Lei scosse energicamente la testa. «No. A loro stava bene, anzi: mi avevano messo a disposizione uno sgabuzzino dove potevo lasciarla a dormire, quando lavoravo. Sapevano che avrebbero potuto usarla per ricattarmi, ma a me non importava. Mi bastava sapere che stava bene, e che eravamo insieme.»

Con movimenti lenti, mostrandole sempre le mani, recuperai l'utensile tagliente e lo posai sul vicino comò. «E dopo, cosa è successo?» la incoraggiai.
«Un giorno le Ancelle del Polline sono venute qui. Hanno detto che una creatura innocente non poteva crescere in un ambiente simile, e... me l'hanno strappata dalle braccia!» Non fece nemmeno il tentativo di trattenere le lacrime. «Da allora non l'ho più vista.»
«Ma hai una pista.» considerai, chinandomi per raccogliere un ritaglio di giornale contenente l'intervista a un'Ancella di alto grado, dal titolo "Dare un futuro a chi è nato senza".

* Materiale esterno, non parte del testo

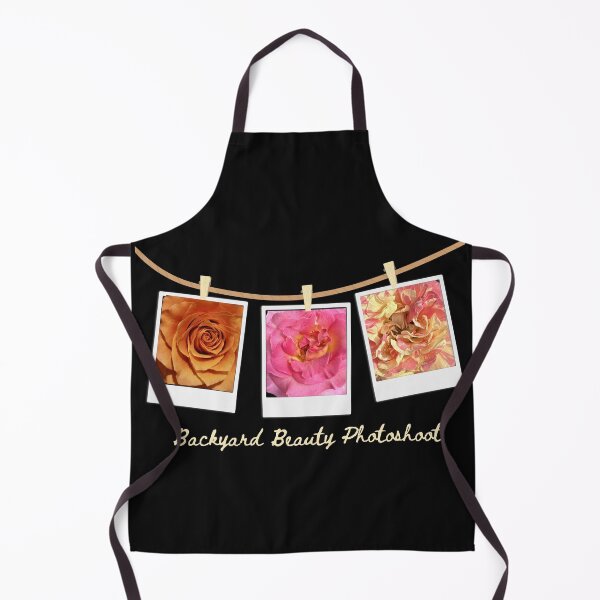 Item preview, Backyard Flower photoshoot designed and sold by DuchessDesign81.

«È l'unico motivo per cui non sono ancora scappata da questo cesso di posto.» ammise.

Mi sentii una brutta persona ad approfittare del dolore di quella sventurata, ma c'era troppo in gioco. Con un sospiro, infilai la leva e la azionai: «Fai quello di cui abbiamo bisogno, e io ti prometto che userò tutte le forze che è in mio potere muovere, per aiutarti a ritrovarla.»

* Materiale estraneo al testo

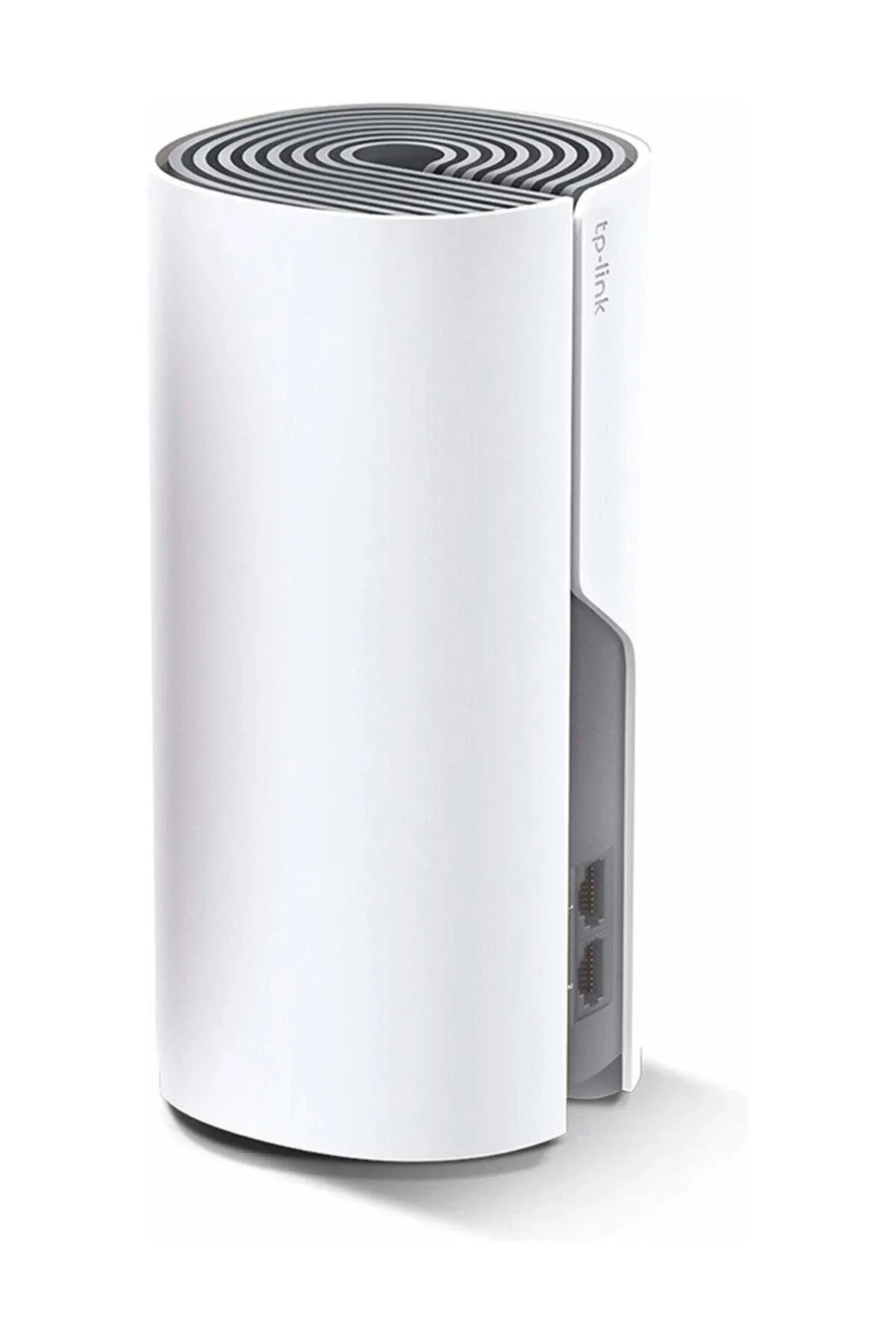 TP-Link Deco E4(3-pack) Домашняя Mesh Wi-Fi система AC1200, до 300 Мбит/с на 2,4 ГГц + до 867 Мбит/с на 5 ГГц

Lei mi studiò a lungo, in silenzio. Infine si strinse nelle spalle, e mi porse la mano.
«Al diavolo, ci sto.»
«Sei sicura di poter radunare abbastanza gente?» mi preoccupai, ricambiando la sua stretta.
«Oh, tesoro» ridacchiò lei «Non puoi nemmeno immaginare quanta gente ci sia che non vede l'ora di prendere a cazzotti in faccia le Api, qui!»